* Exercise description
Before repeating the entries below, strip out every picture and keep all else as it is.

Pictures with short captions:

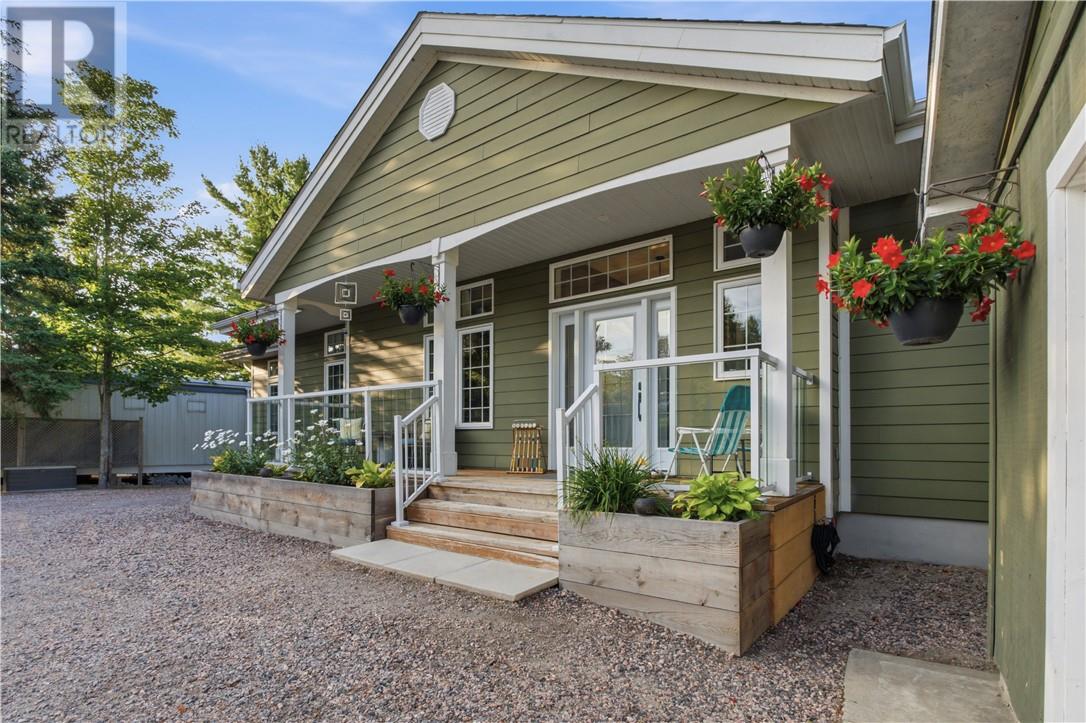 49 Gauthier Road, Alban, Ontario  P0M 1A0 - Photo 5 - 2130891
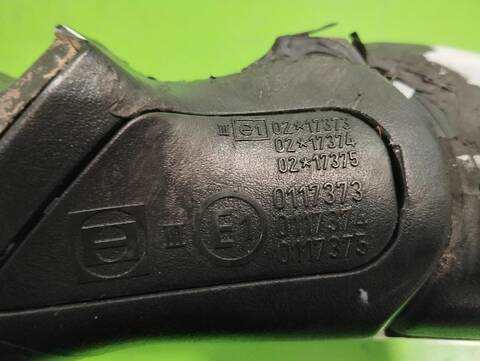 Foto 2ª: Retrovisor Derecho Volvo S40 1.6 CAT 109CV [B4164S2] (1995)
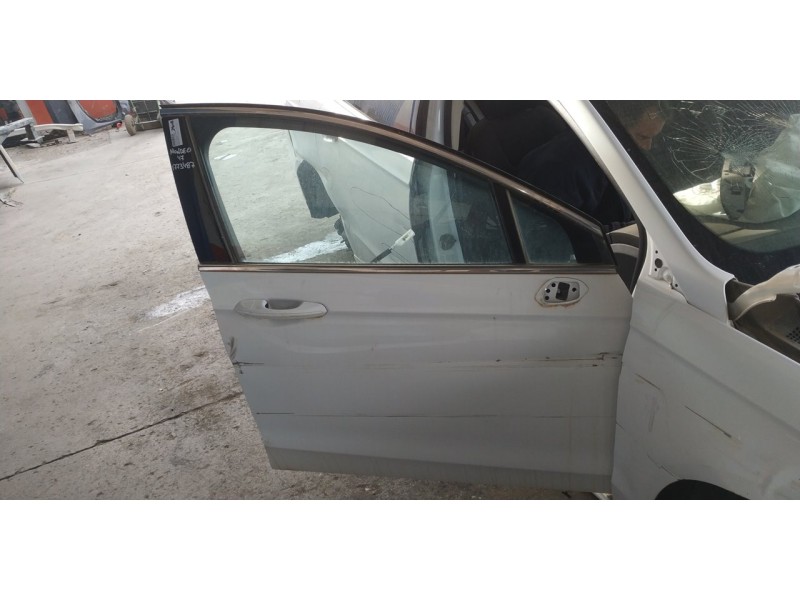 Recambio de puerta delantera derecha para ford mondeo lim. titanium referencia OEM IAM   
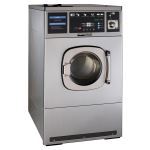 Continental Girbau, Inc. - G-Flex Card- & Coin-Operated Washing Machines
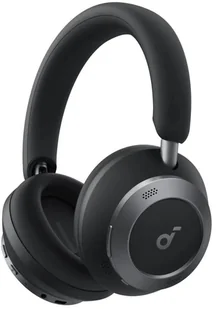 Anker Souncore One Pro czarne A3062G11 - Słuchawki - miniaturka - grafika 1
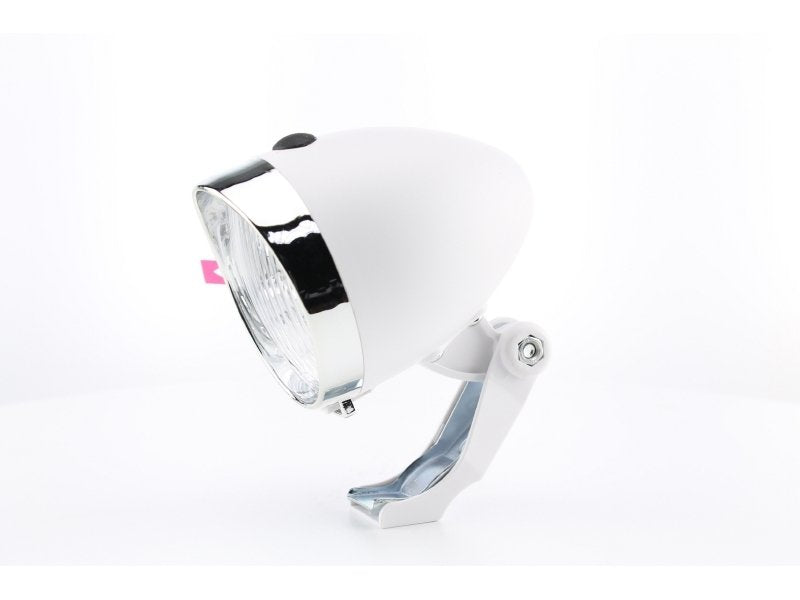 Xtrabike koplamp wit 3 led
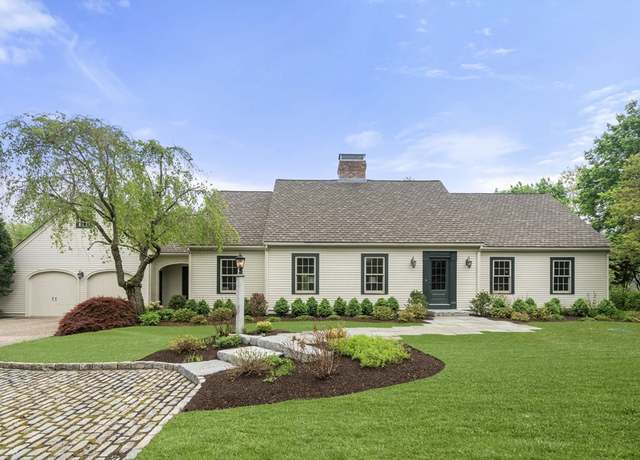 Property at 91 Gretchen Ln, Holliston, MA 01746, 3 beds, 2.5 baths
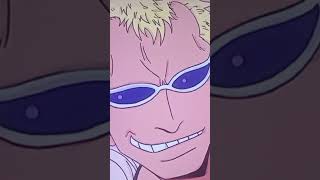 Doflamingo Edit onepiece capcut doflamingo animeedits villain edit [upl. by Lanuk]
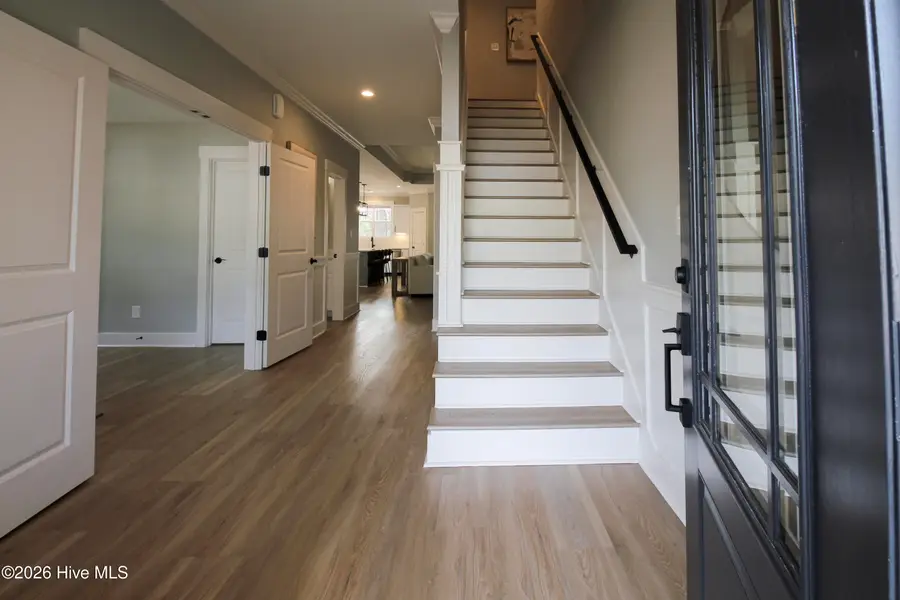 711 Bald Eagle Drive, Vass, NC 28394 - #2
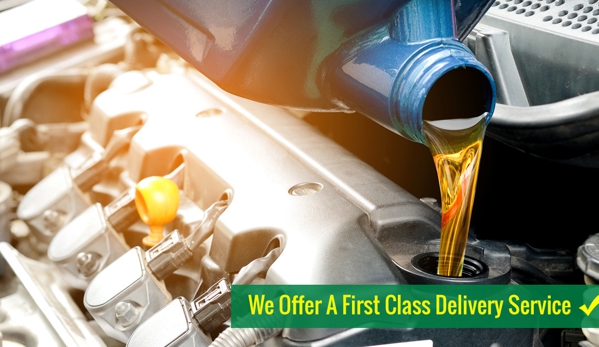 Simpson Fuel Supplies - Mittagong, NSW. We Offer A First Class Delivery Service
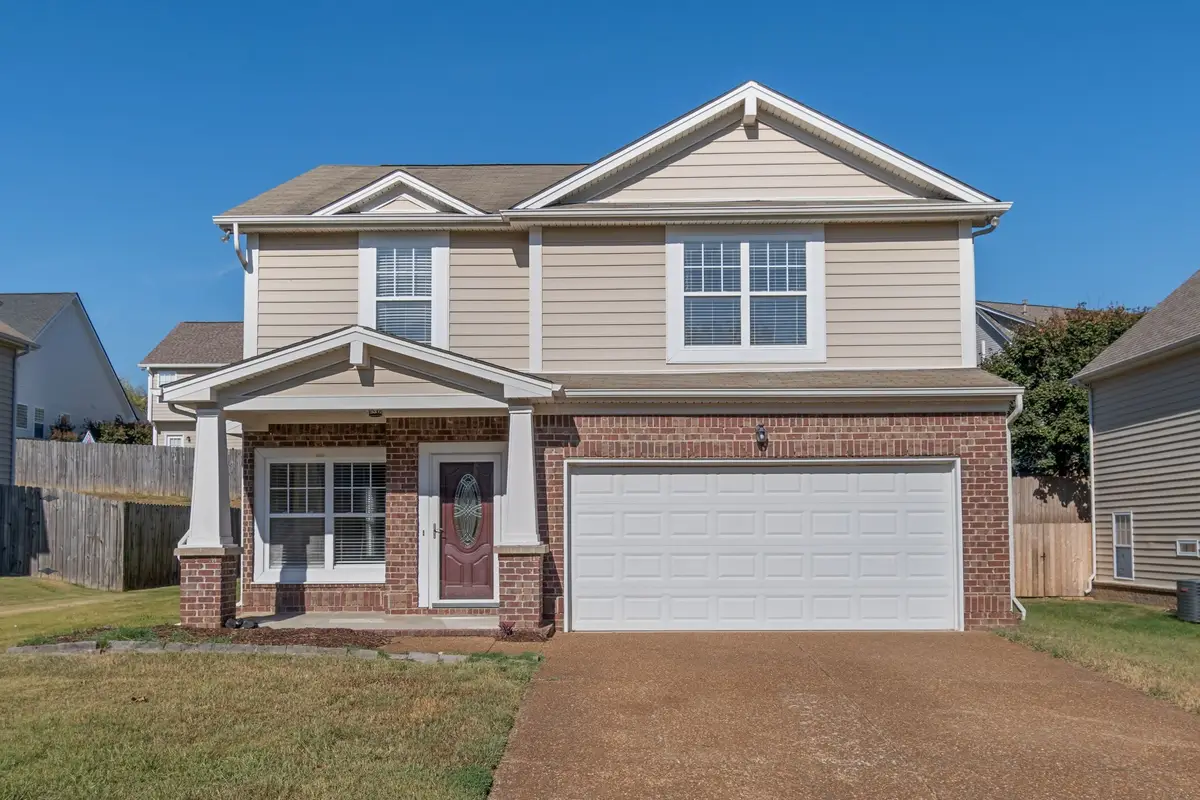 1430 Bern Dr, Spring Hill, TN 37174 - #1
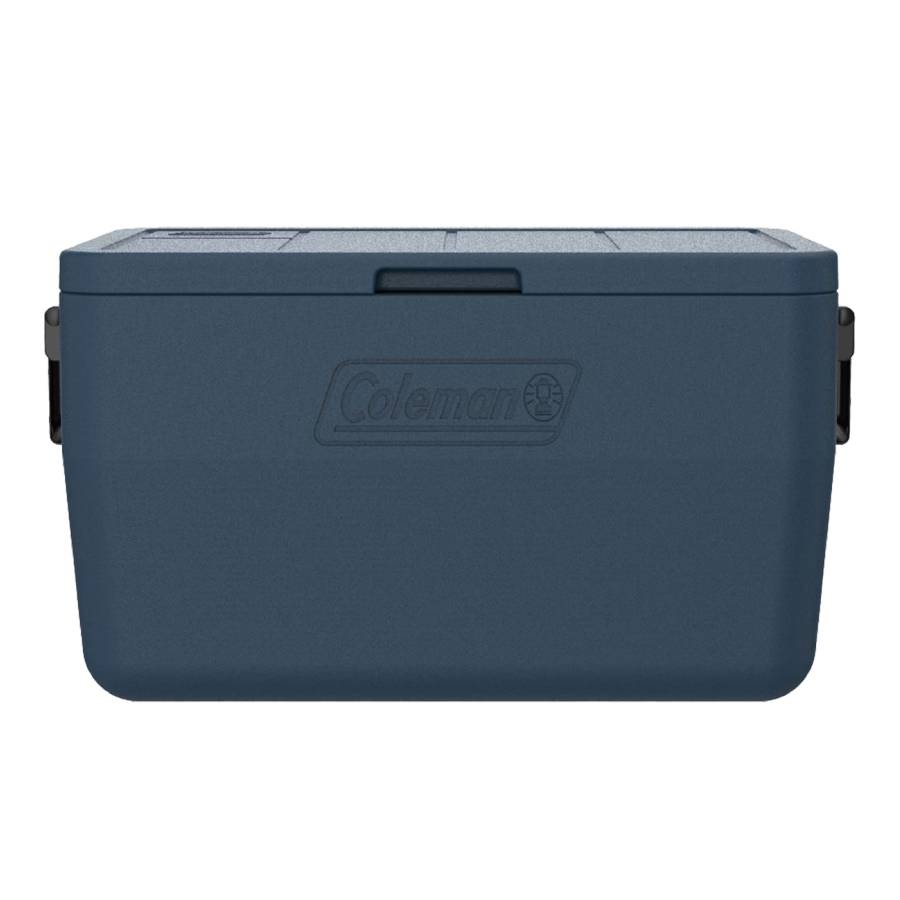 Chiller Cooler 48Qt - Sapphire/Beige
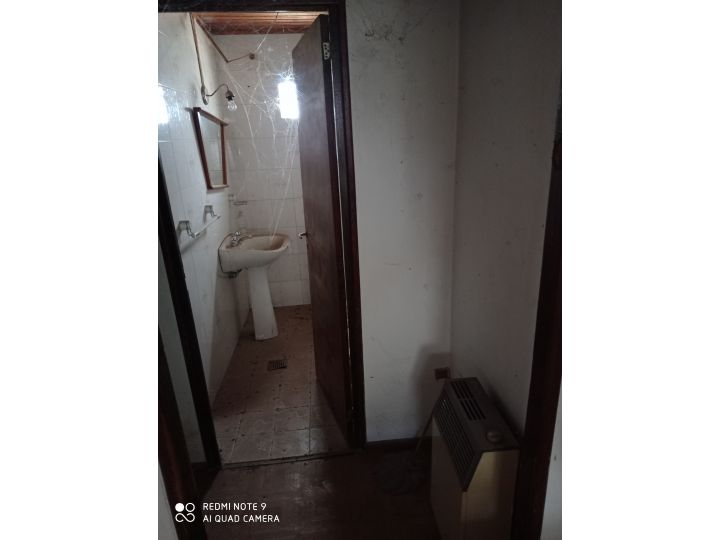 Venta Oportunidad  Galpon Capitán Bermudez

* Solution for this problem
 49 Gauthier Road, Alban, Ontario  P0M 1A0 - Photo 5 - 2130891
 Foto 2ª: Retrovisor Derecho Volvo S40 1.6 CAT 109CV [B4164S2] (1995)
 Recambio de puerta delantera derecha para ford mondeo lim. titanium referencia OEM IAM   
 Continental Girbau, Inc. - G-Flex Card- & Coin-Operated Washing Machines
 Anker Souncore One Pro czarne A3062G11 - Słuchawki - miniaturka - grafika 1
 Xtrabike koplamp wit 3 led
 Property at 91 Gretchen Ln, Holliston, MA 01746, 3 beds, 2.5 baths
 Doflamingo Edit onepiece capcut doflamingo animeedits villain edit [upl. by Lanuk]
 711 Bald Eagle Drive, Vass, NC 28394 - #2
 Simpson Fuel Supplies - Mittagong, NSW. We Offer A First Class Delivery Service
 1430 Bern Dr, Spring Hill, TN 37174 - #1
 Chiller Cooler 48Qt - Sapphire/Beige
 Venta Oportunidad  Galpon Capitán Bermudez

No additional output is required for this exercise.